Her talk, titled "Building Memories from the Ground Up: Behavioral and Electrophysiological Indices of Developmental Change", takes place from 4:30 to 5:30pm, in the Harry Crowe Room, 109 Atkinson Building, Keele campus.
Until recently, infants were assumed to lack the ability to form, maintain and later retrieve memories of past events. It was thought that neural memory structures were not fully developed in infants and young children. Non-verbal tests, however, indicate that developments in recall of the past are well underway by late in the first year of life, and by the end of the second year, long-term recall is reliable and robust. So why don’t adults have a wealth of early memories?
Right: Patricia Bauer
That’s what Bauer, the principal investigator at the Bauer Memory Development Lab at Emory, is hoping to find out through her research into the complex process of memory. She says many of the same factors that affect memory in older children and adults also influence memory in infants, but there are also pronounced developmental changes in memory during those first few years. "By combining behavioural and electrophysiological measures, my colleagues and I are working to understand how the functional changes we observe relate to developments in the basic processes of encoding, consolidation, storage and retrieval of information from memory and to neuro-developmental changes that take place in the same period of time."

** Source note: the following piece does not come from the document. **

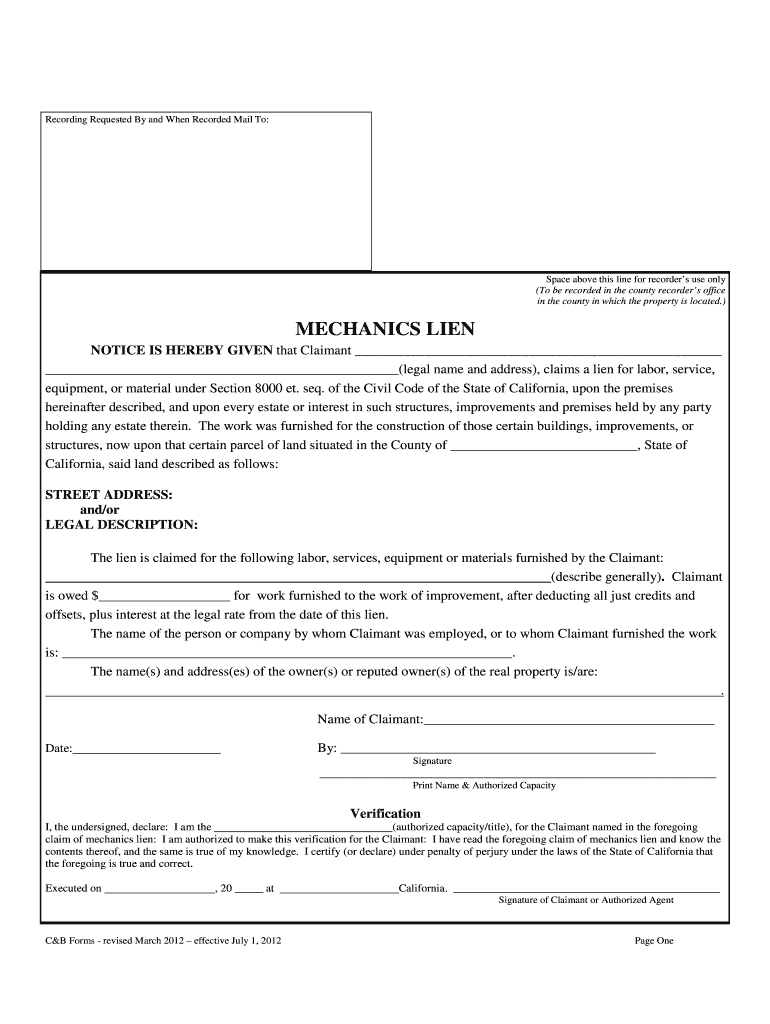 Printable Blank Mechanics Lien Form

Bauer and colleagues are conducting prospective studies, tracking what happens to early memories in preschoolers as they grow, develop and get older. She is also identifying what determines what is remembered and what is forgotten, and looking at where individual, familial and cultural influences fit in the shaping of autobiographical memory.
Understanding the neural, cognitive and social contributions to what’s known as the phenomenon of childhood amnesia, is also important to Bauer, senior associate dean for research in Emory College at the university and the Asa Griggs Candler Professor of Psychology. She is also investigating the memories of premature infants, internationally adopted infants and maltreated infants.
Bauer is the author of Remembering the Times of Our Lives: Memory in Infancy and Beyond (Lawrence Erlbaum Associates, 2006) and co-editor of Short- and Long-Term Memory in Infancy and Early Childhood (Oxford University Press, 2007). She is also the editor of the Journal of Cognition and Development.
From 1989 to 2005, Bauer was a faculty member in the Institute of Child Development at the University of Minnesota. She then worked in the Department of Psychology and Neuroscience at Duke University for two years before joining the faculty of Emory University in 2007.
The lecture is sponsored by the Department of Psychology in York’s Faculty of Health and the Office of the Vice-President of Research & Innovation at York University. It is part of an ongoing series of presentations. All are welcome.